Prometheus AlertManager - Send Alerts to different clients based on routes

孤街醉人 提交于 2019-12-10 15:45:02

问题


I have 2 services A and B which I want to monitor. Also I have 2 different notification channels X and Y in the form of receivers in the AlertManager config file.

I want to send to notify X if service A goes down and want to notify Y if service B goes down. How can I achieve this my configuration?

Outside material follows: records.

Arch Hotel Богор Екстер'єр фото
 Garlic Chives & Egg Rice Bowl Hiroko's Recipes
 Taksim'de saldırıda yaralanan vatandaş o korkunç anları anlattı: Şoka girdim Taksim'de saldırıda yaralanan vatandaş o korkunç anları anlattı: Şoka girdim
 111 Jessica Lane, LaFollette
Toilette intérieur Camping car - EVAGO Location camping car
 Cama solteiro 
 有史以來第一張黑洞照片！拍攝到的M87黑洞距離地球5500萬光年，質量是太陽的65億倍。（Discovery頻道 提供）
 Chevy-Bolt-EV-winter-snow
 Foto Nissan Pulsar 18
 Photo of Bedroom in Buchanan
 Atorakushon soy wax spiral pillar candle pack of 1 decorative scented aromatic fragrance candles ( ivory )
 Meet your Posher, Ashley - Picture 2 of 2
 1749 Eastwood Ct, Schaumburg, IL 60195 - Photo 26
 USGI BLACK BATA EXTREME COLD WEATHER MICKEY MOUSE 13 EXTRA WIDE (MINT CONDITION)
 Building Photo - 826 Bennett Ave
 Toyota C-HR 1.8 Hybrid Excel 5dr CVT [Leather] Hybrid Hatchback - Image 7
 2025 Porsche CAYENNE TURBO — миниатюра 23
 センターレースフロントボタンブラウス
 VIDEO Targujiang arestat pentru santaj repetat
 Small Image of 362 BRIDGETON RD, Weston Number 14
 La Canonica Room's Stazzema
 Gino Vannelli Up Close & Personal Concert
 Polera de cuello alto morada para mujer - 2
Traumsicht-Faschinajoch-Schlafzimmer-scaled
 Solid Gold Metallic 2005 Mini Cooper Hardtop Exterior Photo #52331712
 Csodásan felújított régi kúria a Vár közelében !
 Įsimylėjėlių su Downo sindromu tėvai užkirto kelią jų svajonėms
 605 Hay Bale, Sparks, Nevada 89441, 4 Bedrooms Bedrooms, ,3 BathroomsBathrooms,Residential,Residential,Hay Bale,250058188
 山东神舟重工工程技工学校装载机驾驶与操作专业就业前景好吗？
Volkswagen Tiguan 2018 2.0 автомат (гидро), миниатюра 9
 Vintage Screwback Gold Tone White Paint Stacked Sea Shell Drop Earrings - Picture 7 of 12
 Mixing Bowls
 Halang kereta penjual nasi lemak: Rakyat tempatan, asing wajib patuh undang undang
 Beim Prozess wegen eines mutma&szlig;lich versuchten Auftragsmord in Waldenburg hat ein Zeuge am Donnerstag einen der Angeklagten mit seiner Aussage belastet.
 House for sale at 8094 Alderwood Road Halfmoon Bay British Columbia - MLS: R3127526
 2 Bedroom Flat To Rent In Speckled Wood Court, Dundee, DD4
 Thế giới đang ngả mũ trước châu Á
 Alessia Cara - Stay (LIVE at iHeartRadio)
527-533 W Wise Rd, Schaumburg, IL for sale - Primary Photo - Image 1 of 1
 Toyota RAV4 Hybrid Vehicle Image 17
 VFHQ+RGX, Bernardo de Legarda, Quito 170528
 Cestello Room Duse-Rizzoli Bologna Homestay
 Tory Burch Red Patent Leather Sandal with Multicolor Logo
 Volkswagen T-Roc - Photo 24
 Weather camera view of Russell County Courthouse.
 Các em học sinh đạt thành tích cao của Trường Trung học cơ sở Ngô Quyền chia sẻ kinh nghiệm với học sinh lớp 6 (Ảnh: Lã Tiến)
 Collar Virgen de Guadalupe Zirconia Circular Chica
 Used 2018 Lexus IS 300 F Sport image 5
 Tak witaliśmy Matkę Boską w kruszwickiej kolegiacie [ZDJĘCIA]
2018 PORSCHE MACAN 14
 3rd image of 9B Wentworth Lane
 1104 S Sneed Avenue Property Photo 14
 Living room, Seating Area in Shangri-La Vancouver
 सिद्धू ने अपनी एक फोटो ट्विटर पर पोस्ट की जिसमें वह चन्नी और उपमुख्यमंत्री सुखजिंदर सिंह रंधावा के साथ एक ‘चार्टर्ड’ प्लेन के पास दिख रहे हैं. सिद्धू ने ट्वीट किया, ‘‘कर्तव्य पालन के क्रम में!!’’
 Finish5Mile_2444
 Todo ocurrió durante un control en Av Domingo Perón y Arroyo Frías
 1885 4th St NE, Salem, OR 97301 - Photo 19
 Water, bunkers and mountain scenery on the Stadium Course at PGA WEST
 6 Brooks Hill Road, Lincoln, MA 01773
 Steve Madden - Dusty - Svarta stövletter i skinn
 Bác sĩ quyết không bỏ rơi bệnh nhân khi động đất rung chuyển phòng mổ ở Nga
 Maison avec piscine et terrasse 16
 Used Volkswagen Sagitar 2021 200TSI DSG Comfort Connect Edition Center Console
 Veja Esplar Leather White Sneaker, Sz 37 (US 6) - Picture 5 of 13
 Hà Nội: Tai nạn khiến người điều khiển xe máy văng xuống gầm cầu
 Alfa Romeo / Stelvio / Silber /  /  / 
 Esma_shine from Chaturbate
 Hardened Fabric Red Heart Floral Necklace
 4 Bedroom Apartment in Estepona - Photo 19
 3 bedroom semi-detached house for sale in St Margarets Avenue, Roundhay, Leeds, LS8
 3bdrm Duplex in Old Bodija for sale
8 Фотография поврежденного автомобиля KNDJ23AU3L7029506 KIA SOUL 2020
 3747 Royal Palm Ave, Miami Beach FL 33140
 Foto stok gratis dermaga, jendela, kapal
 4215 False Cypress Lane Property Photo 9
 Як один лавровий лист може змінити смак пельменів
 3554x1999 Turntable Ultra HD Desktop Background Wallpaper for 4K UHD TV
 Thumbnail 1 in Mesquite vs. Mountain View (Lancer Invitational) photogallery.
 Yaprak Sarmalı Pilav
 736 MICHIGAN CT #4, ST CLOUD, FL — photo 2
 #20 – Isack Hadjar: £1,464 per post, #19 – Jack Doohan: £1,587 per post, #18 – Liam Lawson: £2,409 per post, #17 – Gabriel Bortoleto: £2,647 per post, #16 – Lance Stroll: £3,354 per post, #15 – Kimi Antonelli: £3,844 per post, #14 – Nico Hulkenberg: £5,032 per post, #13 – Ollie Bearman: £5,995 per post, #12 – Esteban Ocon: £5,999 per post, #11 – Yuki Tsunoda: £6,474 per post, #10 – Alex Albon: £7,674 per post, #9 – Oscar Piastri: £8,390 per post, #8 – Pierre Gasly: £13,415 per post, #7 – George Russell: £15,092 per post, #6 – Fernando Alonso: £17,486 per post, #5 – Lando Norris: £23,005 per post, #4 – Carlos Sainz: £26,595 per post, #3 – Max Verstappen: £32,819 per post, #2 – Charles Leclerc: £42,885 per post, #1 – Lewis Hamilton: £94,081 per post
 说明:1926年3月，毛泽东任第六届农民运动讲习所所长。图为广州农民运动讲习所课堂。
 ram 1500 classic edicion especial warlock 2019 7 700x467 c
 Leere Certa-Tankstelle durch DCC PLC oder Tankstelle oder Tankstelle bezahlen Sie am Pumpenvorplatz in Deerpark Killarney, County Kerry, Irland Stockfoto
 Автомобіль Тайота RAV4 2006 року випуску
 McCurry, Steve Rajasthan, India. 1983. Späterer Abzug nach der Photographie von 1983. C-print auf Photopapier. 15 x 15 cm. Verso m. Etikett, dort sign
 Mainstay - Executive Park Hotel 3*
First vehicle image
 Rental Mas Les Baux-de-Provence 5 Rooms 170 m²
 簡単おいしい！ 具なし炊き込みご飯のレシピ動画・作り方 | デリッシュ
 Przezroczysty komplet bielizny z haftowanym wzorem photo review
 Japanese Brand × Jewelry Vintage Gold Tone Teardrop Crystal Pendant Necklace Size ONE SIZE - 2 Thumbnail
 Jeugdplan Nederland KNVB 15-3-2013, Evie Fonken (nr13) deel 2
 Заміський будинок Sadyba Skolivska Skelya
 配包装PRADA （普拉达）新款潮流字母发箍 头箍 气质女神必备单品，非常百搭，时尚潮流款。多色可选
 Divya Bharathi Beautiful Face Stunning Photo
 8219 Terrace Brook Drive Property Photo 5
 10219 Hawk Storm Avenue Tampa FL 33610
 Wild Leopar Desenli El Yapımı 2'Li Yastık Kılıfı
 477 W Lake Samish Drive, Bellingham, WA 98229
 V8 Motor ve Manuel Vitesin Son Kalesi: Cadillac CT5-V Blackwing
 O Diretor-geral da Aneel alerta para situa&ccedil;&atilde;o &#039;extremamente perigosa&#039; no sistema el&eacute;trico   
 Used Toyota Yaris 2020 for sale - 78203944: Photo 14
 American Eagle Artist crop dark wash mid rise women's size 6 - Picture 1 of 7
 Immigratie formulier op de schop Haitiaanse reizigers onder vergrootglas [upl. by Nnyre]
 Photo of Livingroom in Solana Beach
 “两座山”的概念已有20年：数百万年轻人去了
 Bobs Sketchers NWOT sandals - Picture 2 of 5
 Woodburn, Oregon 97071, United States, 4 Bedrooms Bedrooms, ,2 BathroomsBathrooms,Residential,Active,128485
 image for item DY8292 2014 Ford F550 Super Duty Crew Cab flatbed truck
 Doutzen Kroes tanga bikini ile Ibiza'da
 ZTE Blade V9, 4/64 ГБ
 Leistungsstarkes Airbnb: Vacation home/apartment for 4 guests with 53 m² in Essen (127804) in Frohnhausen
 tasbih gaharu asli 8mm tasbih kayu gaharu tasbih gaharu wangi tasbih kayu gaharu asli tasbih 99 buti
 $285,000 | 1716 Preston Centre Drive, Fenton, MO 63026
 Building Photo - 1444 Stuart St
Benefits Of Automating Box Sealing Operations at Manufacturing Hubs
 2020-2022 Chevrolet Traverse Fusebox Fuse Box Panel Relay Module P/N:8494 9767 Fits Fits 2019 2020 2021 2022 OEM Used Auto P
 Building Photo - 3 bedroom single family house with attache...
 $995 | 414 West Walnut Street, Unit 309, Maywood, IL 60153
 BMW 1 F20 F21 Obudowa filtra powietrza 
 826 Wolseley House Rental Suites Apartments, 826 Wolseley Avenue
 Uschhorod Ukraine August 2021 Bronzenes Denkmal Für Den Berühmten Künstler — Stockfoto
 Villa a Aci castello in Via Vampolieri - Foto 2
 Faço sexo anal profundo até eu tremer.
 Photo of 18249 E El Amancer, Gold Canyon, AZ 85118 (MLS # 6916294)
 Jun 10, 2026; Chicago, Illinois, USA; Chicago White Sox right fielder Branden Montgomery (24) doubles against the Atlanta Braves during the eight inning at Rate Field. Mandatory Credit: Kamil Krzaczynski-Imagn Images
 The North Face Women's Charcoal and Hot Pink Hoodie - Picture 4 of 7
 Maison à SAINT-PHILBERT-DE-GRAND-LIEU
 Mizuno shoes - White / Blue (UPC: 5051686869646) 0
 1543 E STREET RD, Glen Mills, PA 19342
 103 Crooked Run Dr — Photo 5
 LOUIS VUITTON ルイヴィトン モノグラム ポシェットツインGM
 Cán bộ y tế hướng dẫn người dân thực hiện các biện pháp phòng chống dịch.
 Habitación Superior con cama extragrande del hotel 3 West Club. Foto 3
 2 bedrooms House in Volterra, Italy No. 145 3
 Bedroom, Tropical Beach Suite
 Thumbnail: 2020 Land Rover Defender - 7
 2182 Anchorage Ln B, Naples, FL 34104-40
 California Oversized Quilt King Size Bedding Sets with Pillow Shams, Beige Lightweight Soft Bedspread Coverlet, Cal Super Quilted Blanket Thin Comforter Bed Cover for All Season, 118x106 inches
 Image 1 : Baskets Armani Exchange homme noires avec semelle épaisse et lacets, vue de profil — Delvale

My AlertManager YAML file is:

route:
  receiver: X

receivers:
  - name: X
    email_configs:

  - name: Y
    email_configs:

And alert.rule files is:

groups:

- name: A
  rules:
    - alert: A_down
      expr: expression
      for: 1m
      labels:
         severity: critical
      annotations:
         summary: "A is down"

- name: B
  rules:
    - alert: B_down
      expr: expression
      for: 1m
      labels:
        severity: warning
      annotations:
        summary: "B is down"

回答1:


The config should roughly look like this (not tested):

route:
  group_wait: 30s
  group_interval: 5m
  repeat_interval: 2h

  receiver: 'default-receiver'

  routes:
  - match:
      alertname: A_down
    receiver: X
  - match:
      alertname: B_down
    receiver: Y

The idea is, that each route field can has a routes field, where you can put a different config, that gets enabled if the labels in match match the condition.




回答2:


For clarifying - The General Flow to handle alert in Prometheus (Alertmanager and Prometheus integration) is like this:

SomeErrorHappenInYourConfiguredRule(Rule) -> RouteToDestination(Route) -> TriggeringAnEvent(Reciever)-> GetAMessageInSlack/PagerDuty/Mail/etc...

For example:

if my aws machine cluster production-a1 is down, I want to trigger an event sending "pagerDuty" and "Slack" to my team with the relevant error.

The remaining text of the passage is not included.